The position of the absorbing volume was changed by steering poloidally the beam axis from shot to shot, at fixed toroidal magnetic field and constant target plasma parameters.
The main results are summarized in Figs.1-4.
In Fig.s 1,2 the two shots #18004 and #18015 are compared. They do represent typical cases of ECRH (perpendicular beam injection) where TM stabilization is not and is achieved respectively.
Fig.1 - Top to bottom: 1) magnetic signals (Mirnov coils); 2) Te,0 (fast ECE polychromator); 3) Tq=2 (fast ECE polychromator); 4) average central line density; 5) peak ion temperature from neutron emission; 6) average stored density; 7) tE/tE,OH. Shots #18004 (MHD enhanced) and #18015 (MHD stabilized) are compared. ECRH starts at 0.5 s.
ECCD contribution is exemplified in Fig.s 2,3, where typical shots with oblique launch #18041 and #18045 are compared. In both discharges co-injection at a toroidal angle of 10o was performed. In #18041 a beam with PECRH=430 kW at perpendicular injection is switched on first at 0.5 s, then replaced a beam at oblique injection (at about the same poloidal position and having the same power) from 0.75 s up to 1.1 s. In #18045, instead, oblique injection is applied first.
Fig.2 top: Te,0 and Te,q=2; 0.5-0.75 s; 400 kW perpendicular injection (no ECCD); 0.75-1.1 s 400 kW at toroidal angle10o
bottom: Te,0 and Te,q=2; 0.5-0.75 s ; 400 kW at toroidal angle10o; 0.75-1.1 s 400 kW perpendicular injection (no ECCD).
Fig.3 top: Te,0 and Te,q=2; 400 kW perpendicular injection (no ECCD);
bottom: Te,0 and Te,q=2; 400 kW at toroidal angle +10o.
Preliminary analysis of the experimental data led to the following assessments:
1. If the absorption volume is inside the radius where the Te fluctuations due to mode rotation are largest, both temperature and magnetic fluctuations are maintained during ECRH. Fluctuations are even enhanced when approaching from the inside the island position.
2. If the absorption volume is located where the maximum Te fluctuations occur (likely within the magnetic island), stabilization is achieved with PECRH=430 kW. A difference of ~ 2 cm in the absorption radius rabs is enough to switch from TM enhancement to TM stabilization.
3. Stabilization is marked by a strong reduction of magnetic oscillations. Thermal oscillations are also suppressed.
4. Stabilization involves not only (2,1) tearing mode mode, but also an odd mode, not shown in the figures, coupled to (2,1).
5. If absorption radius is moved further out, stabilization may still occur, but with a significant delay (~0.1 s) (case not shown in figures).

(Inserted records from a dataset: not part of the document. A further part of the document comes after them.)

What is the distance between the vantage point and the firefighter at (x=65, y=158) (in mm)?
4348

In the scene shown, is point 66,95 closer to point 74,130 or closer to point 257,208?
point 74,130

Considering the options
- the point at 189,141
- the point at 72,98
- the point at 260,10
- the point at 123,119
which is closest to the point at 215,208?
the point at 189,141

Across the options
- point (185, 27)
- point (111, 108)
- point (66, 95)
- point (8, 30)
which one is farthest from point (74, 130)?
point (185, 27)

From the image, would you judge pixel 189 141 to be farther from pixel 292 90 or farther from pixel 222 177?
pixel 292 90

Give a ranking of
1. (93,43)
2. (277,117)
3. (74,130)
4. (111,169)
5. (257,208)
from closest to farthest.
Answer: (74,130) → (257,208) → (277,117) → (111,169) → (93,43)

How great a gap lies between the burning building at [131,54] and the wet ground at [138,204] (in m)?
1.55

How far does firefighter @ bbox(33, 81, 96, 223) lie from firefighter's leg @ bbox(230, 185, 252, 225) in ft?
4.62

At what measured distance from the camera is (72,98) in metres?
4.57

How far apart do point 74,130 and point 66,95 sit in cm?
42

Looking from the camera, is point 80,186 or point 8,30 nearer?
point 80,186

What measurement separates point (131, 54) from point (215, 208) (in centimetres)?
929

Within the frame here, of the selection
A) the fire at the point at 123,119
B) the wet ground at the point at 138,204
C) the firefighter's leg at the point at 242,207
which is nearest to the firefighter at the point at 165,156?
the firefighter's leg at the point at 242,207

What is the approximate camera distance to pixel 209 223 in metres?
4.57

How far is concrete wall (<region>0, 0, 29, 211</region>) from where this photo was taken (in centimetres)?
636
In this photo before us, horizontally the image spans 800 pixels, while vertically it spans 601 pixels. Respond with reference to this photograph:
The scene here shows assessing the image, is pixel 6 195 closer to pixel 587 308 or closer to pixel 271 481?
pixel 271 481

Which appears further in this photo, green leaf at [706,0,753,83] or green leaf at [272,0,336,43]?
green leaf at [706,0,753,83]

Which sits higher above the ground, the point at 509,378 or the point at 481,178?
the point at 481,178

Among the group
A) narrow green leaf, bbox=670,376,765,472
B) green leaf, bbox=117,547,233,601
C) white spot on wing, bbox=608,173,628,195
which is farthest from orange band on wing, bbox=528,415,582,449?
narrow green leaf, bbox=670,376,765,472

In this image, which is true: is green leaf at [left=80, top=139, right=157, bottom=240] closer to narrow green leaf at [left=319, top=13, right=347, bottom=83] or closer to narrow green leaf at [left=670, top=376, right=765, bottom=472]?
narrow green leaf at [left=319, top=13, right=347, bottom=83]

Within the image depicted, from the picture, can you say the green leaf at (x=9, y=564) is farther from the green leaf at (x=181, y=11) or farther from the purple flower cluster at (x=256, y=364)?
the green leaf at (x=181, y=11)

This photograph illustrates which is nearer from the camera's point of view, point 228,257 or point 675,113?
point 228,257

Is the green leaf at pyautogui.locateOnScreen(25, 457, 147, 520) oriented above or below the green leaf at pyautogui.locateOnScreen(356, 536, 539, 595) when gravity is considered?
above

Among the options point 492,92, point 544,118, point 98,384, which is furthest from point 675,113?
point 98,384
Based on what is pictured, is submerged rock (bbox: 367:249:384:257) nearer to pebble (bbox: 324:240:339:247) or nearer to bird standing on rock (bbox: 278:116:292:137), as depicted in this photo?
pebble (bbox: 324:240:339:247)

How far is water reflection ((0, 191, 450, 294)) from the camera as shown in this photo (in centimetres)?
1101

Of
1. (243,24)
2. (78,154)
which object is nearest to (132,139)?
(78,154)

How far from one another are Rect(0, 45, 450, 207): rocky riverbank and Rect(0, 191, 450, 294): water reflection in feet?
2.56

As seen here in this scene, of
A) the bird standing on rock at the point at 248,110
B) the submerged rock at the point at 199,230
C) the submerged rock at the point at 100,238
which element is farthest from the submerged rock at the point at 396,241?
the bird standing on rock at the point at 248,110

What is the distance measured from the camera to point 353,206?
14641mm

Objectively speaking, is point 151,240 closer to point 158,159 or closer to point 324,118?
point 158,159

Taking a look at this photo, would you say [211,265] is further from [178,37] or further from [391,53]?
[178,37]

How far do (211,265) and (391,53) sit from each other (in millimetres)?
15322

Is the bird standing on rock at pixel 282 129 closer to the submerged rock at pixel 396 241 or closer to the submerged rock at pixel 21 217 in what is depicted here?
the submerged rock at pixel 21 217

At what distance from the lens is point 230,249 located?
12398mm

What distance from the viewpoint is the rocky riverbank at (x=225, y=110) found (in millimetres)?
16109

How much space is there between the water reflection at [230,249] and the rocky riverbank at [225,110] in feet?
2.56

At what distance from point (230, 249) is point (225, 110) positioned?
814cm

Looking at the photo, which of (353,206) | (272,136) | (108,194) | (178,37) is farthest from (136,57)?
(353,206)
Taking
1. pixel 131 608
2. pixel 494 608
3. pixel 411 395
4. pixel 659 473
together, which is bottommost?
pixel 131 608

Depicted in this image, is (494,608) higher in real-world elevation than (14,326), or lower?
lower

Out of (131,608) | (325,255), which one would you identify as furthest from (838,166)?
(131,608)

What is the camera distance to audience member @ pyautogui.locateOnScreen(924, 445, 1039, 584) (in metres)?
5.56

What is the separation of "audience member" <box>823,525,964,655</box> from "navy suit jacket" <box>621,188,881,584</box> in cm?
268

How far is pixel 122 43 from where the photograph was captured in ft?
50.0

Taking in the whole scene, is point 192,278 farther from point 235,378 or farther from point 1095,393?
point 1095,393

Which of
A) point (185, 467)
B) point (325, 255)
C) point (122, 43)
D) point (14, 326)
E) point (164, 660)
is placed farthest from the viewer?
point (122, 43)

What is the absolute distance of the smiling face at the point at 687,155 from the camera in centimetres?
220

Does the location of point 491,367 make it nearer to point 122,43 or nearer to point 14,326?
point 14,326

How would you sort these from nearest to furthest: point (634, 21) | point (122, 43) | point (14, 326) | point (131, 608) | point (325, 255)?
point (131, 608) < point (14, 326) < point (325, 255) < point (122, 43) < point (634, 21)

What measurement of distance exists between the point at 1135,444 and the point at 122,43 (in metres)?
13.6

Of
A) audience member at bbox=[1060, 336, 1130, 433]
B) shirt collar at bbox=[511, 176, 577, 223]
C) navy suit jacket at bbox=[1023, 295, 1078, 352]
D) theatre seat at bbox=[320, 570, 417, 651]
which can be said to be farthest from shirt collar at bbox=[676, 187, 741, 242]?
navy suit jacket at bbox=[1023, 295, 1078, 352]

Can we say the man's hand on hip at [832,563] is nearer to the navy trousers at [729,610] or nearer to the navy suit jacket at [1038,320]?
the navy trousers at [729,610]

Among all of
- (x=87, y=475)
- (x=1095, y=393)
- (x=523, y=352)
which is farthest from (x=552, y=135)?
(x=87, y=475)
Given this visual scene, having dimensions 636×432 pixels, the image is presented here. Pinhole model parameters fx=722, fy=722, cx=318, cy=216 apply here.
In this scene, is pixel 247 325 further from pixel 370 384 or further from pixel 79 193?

6. If TM modes are stabilized, a net improvement of core confinement is observed.
7. The central temperature increase in case of stabilization is much higher than in the case of maintained, or even reinforced, TM oscillations (fig.4).

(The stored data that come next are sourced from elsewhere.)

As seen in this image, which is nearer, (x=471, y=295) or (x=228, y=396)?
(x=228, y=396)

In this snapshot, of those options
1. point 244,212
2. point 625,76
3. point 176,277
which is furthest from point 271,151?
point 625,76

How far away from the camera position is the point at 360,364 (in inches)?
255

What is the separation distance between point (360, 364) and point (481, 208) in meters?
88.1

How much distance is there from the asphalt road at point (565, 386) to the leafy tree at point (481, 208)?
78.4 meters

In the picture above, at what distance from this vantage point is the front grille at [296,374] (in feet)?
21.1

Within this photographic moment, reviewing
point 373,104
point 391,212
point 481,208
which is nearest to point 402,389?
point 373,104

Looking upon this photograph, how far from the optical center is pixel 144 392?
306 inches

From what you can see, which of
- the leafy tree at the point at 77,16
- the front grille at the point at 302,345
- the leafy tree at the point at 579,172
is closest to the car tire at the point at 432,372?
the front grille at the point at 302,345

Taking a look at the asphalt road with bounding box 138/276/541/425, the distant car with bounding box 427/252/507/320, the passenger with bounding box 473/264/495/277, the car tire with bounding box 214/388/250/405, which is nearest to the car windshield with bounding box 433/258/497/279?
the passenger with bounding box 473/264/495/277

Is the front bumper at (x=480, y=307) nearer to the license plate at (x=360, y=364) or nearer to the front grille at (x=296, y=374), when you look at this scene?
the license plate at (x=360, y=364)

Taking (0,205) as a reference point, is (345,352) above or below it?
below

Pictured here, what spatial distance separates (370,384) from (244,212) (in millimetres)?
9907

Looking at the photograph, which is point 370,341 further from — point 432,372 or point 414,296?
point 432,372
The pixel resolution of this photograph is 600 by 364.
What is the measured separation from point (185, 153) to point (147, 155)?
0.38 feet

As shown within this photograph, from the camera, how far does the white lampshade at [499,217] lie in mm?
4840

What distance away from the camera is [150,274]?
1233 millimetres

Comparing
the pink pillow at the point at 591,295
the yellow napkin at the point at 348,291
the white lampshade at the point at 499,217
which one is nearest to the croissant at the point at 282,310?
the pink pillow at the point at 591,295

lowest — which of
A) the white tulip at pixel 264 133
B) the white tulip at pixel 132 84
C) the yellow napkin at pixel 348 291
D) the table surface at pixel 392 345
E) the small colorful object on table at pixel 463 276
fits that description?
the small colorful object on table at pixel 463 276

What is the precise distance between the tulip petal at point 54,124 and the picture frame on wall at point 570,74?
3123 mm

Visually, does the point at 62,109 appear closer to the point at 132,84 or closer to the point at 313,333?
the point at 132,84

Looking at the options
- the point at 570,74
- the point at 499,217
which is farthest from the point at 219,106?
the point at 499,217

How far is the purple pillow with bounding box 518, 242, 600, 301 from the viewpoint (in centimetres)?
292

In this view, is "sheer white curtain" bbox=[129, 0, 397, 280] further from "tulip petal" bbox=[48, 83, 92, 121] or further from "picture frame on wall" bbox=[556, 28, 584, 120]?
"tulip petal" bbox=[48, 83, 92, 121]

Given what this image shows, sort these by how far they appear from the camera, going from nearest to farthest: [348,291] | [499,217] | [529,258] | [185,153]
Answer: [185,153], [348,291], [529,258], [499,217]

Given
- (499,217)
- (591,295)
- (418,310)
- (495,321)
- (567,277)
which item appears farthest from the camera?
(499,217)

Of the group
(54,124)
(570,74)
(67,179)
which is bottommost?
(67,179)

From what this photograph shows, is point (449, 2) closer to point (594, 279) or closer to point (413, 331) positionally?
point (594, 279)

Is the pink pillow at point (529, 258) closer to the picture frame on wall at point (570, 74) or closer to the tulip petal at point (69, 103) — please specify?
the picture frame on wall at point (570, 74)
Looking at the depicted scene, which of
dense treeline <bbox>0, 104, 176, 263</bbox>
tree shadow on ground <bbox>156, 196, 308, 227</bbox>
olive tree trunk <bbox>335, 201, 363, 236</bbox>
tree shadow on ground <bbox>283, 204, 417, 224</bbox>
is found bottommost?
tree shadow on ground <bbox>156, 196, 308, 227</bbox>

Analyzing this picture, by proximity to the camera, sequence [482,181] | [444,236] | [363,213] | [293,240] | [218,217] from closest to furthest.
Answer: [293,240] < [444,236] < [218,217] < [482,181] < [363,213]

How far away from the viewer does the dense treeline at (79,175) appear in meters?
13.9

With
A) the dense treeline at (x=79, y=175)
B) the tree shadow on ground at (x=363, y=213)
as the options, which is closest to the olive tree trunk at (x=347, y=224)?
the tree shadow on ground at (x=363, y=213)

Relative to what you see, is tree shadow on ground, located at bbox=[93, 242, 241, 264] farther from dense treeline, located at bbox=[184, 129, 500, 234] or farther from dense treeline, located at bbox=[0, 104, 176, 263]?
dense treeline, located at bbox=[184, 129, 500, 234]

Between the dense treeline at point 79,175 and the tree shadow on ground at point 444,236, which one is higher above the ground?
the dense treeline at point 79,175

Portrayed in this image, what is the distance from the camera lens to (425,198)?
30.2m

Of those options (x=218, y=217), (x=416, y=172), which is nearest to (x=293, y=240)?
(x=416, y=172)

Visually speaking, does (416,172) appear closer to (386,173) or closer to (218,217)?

8. The density increases more during stabilization; Thomson Scattering measurements confirm the peaking of the electron density in the core (not shown in figures).
9. Neutron emission increases only if TM are stabilized.

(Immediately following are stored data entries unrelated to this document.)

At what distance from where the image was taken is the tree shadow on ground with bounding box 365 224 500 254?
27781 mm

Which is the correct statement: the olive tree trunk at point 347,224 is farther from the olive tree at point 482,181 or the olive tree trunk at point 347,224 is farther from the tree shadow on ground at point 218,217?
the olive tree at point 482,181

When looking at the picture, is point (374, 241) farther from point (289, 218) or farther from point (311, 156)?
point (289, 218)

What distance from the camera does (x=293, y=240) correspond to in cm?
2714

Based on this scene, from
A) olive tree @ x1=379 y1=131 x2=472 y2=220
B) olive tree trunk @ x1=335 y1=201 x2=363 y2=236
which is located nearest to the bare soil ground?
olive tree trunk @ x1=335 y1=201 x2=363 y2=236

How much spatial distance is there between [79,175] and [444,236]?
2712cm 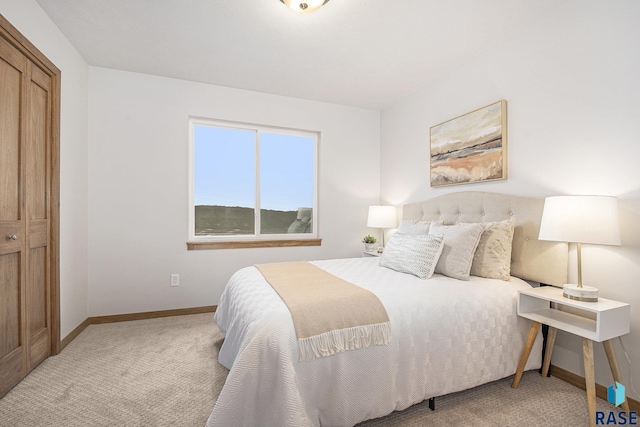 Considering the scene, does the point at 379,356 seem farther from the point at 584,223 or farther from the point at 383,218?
the point at 383,218

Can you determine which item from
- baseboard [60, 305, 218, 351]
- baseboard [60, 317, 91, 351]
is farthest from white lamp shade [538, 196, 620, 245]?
baseboard [60, 317, 91, 351]

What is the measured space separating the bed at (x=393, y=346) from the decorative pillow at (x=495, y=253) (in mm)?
71

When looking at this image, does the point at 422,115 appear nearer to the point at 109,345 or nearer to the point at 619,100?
the point at 619,100

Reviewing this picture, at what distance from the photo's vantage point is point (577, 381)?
2.00m

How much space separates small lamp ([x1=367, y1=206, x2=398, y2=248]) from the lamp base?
6.67ft

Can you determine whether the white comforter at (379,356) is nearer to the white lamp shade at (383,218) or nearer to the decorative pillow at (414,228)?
the decorative pillow at (414,228)

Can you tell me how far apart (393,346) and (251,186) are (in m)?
2.69

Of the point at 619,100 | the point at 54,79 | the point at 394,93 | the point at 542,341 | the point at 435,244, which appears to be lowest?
the point at 542,341

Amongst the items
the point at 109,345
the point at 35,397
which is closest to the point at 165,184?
the point at 109,345

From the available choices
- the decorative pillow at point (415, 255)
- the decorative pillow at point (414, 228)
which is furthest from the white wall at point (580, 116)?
the decorative pillow at point (415, 255)

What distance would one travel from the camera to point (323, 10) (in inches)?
84.4

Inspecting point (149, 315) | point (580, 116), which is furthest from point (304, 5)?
point (149, 315)

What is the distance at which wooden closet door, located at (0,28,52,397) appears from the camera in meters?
1.83

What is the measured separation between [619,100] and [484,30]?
106 cm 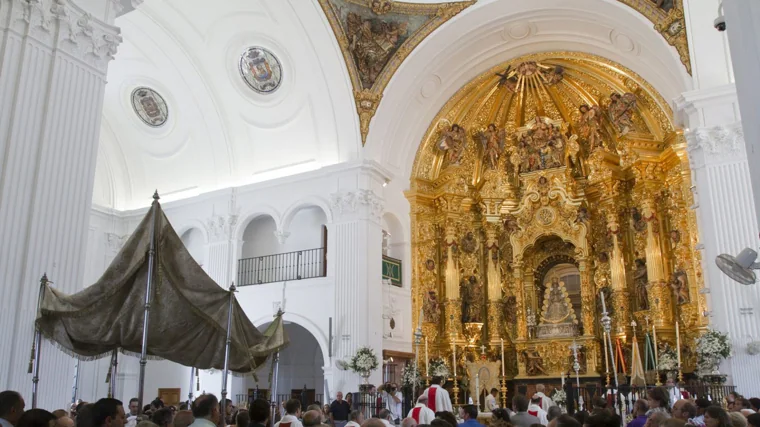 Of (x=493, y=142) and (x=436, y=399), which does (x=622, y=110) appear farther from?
(x=436, y=399)

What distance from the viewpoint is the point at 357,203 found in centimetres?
1775

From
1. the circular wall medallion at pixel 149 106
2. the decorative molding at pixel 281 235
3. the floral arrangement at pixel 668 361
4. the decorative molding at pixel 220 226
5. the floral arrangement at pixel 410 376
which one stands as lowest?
the floral arrangement at pixel 410 376

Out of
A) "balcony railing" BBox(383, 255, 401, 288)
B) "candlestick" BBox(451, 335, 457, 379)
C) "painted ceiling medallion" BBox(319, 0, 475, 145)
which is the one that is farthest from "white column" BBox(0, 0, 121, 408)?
"candlestick" BBox(451, 335, 457, 379)

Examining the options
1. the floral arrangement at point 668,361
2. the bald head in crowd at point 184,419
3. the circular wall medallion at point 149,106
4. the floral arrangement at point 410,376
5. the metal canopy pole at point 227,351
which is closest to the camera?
the bald head in crowd at point 184,419

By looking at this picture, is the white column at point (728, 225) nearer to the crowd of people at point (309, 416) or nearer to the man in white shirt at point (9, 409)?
the crowd of people at point (309, 416)

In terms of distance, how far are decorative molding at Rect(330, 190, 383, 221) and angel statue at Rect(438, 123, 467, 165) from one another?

10. The energy stored in the core is therefore much higher with stabilization. Also the global confinement time has a much less degradation with ECRH if TM disappear.
11. When stabilization occurs, Te peaking due to enhanced core confinement may lead to sawtooth appearance (but not necessarily, since there are cases with TM stabilization but without sawteeth appearance).
12. The main stabilizing effect comes from ECRH. ECCD apparently has only a second order effect on sawteeth (which might be suppressed also).
13. When ECCD is added (oblique injection) to ECRH, a much less stable condition is achieved.